- WORK TASK -
Retype, word for word, every line from the one holding "Kymco Downtown 300i ABS (2009 - 17) (6)" through the one holding "Knotted Beach Bag" in the entries below, both included, and only those lines.
※ ※ ※
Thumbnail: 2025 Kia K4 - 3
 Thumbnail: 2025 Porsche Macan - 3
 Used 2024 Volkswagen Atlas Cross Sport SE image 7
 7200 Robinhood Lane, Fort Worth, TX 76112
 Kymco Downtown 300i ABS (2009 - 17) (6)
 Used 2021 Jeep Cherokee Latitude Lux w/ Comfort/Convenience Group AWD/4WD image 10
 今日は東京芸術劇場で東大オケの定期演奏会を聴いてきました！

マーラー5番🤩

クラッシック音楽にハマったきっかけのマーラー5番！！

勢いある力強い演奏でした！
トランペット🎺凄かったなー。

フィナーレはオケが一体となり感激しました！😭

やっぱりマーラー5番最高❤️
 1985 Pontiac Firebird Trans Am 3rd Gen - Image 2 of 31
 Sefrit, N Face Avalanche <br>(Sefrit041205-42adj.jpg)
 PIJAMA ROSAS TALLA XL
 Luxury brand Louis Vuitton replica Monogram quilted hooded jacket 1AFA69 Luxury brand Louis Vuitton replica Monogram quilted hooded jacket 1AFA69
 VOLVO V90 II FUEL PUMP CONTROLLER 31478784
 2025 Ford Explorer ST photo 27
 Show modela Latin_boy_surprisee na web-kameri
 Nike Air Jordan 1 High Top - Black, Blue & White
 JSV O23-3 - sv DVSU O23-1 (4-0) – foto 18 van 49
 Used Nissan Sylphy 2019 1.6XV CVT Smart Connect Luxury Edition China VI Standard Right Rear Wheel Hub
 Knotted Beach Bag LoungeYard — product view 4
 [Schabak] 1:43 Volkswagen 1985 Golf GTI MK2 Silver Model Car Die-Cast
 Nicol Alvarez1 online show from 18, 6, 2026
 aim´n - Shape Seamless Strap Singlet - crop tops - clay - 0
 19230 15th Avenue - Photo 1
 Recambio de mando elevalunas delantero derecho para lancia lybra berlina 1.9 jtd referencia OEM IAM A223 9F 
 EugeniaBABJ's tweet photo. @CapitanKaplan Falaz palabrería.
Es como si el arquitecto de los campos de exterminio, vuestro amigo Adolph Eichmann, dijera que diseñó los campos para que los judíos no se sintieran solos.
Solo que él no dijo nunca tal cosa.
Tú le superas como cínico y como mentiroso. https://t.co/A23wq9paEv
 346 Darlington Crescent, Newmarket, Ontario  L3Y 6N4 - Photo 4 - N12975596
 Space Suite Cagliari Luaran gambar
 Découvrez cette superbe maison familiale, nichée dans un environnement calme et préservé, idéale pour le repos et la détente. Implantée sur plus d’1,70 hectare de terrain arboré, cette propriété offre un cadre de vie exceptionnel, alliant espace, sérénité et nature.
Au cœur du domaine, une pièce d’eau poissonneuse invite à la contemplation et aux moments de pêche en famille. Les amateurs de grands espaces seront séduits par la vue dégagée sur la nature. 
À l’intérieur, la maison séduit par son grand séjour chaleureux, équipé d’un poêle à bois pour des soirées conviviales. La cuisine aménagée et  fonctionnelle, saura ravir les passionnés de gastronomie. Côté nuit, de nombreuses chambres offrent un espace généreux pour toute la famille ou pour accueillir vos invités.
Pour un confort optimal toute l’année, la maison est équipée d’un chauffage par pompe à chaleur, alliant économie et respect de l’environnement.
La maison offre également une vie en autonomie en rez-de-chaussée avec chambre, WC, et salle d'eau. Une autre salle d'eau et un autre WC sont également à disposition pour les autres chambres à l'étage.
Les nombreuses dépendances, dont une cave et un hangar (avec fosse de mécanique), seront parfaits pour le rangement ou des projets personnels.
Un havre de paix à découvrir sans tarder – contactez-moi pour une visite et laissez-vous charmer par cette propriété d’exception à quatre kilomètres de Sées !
※ ※ ※
- ANSWER BOX -
 Kymco Downtown 300i ABS (2009 - 17) (6)
 Used 2021 Jeep Cherokee Latitude Lux w/ Comfort/Convenience Group AWD/4WD image 10
 今日は東京芸術劇場で東大オケの定期演奏会を聴いてきました！

マーラー5番🤩

クラッシック音楽にハマったきっかけのマーラー5番！！

勢いある力強い演奏でした！
トランペット🎺凄かったなー。

フィナーレはオケが一体となり感激しました！😭

やっぱりマーラー5番最高❤️
 1985 Pontiac Firebird Trans Am 3rd Gen - Image 2 of 31
 Sefrit, N Face Avalanche <br>(Sefrit041205-42adj.jpg)
 PIJAMA ROSAS TALLA XL
 Luxury brand Louis Vuitton replica Monogram quilted hooded jacket 1AFA69 Luxury brand Louis Vuitton replica Monogram quilted hooded jacket 1AFA69
 VOLVO V90 II FUEL PUMP CONTROLLER 31478784
 2025 Ford Explorer ST photo 27
 Show modela Latin_boy_surprisee na web-kameri
 Nike Air Jordan 1 High Top - Black, Blue & White
 JSV O23-3 - sv DVSU O23-1 (4-0) – foto 18 van 49
 Used Nissan Sylphy 2019 1.6XV CVT Smart Connect Luxury Edition China VI Standard Right Rear Wheel Hub
 Knotted Beach Bag LoungeYard — product view 4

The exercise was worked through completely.